Очень похоже на писательскую работу: замысел – осуществление замысла – правка. Подготовка к написанию (нулевой текст в виде плана) – черновик – чистовик… Сначала разведка неизведанного (познание с параллельным влюбливанием в предмет текстотворчества, или пленение автора этим предметом: мука мученическая). Потом полное разрушение пленившего тебя предмета с последующим воскрешением его в вербальном, текстовом виде. И, наконец, зачистка, работа с черновиком, доведение его до совершенства, почти до пустоты (с точки зрения обывателя)…
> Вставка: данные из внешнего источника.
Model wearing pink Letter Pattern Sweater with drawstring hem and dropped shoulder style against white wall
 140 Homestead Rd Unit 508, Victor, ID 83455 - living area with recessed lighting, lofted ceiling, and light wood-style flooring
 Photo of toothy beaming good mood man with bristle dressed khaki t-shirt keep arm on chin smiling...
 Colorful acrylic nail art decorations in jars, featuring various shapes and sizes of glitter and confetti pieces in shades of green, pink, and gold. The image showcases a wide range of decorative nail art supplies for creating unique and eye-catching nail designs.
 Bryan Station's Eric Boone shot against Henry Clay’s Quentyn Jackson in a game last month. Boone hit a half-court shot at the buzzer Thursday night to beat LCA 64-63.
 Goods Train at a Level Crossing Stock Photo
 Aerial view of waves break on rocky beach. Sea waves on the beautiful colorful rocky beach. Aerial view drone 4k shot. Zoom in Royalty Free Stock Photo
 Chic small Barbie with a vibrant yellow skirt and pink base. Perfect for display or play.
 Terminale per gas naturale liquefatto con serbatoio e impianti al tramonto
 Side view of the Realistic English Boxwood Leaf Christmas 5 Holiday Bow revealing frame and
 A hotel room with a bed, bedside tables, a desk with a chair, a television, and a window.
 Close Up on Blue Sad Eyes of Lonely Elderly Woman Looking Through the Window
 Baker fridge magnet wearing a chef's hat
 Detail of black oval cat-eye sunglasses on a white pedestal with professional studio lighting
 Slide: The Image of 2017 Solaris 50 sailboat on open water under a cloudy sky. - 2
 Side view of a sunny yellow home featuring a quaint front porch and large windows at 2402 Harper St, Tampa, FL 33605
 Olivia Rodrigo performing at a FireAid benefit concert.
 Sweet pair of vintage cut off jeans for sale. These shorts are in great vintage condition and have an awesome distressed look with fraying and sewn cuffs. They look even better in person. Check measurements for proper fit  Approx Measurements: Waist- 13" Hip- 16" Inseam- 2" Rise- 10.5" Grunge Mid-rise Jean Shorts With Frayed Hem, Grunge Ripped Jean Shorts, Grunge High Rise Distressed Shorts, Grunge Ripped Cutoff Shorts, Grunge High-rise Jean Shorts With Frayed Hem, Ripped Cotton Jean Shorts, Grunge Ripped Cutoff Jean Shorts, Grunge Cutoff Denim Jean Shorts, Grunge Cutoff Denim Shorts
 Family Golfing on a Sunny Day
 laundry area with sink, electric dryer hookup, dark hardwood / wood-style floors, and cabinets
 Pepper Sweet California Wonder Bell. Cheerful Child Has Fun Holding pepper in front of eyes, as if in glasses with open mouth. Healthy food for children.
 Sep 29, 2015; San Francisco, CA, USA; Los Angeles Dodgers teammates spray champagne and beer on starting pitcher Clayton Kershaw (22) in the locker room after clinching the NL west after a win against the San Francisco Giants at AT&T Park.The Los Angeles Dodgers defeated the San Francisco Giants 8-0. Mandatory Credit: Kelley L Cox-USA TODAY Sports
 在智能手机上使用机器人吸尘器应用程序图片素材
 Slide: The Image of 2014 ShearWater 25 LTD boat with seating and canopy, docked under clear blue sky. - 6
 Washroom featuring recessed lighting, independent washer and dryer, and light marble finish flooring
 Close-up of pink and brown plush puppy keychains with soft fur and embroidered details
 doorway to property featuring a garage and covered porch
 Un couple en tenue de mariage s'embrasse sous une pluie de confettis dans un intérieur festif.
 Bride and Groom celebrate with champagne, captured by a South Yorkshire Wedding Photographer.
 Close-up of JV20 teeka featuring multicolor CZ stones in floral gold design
Сегодня поймал первого леща с тёмно-зелёной башкой и бронзовым (с золотистым отливом) телом. Это – подарок Каменского пруда мне на мой день рождения. Сидел на мостках с удочками и думал: графоман и талант отличаются друг от друга тем, что они по-разному знают время: графоман живёт нынешним, талант – всегдашним. Графоман (и игрок, и имитатор, и сервилист, и идеологизированный стихоговоритель) живёт и пишет ЗДЕСЬ И СЕЙЧАС, талант – ВСЕГДА И ВЕЗДЕ. Графоман – всегда к месту. Талант – вечно не ко времени. Но навсегда. Сочинители, принадлежащие к моему поколению, разделились на две группы: одни приемлют только власть, власть государственную и любую (в России значит – священную, кто бы ни властвовал), другие приемлют и хаос, и космос (хаокосмос), упорядочивая первый и всклокочивая второй. И те и другие, а им сейчас за 50, за 70, – в своё общее время получали и получили, как оказалось, вечную прививку несвободы. И вот странная функциональная особенность и необычные свойства и последствия ТАКОЙ прививки несвободы: одних она, эта прививка, адаптировала к существованию в любой политико-экономической формации, – других же она забросила в СВОБОДУ. В свободу, которая всегда есть, даже если она наличествует только в голове или в ящике стола.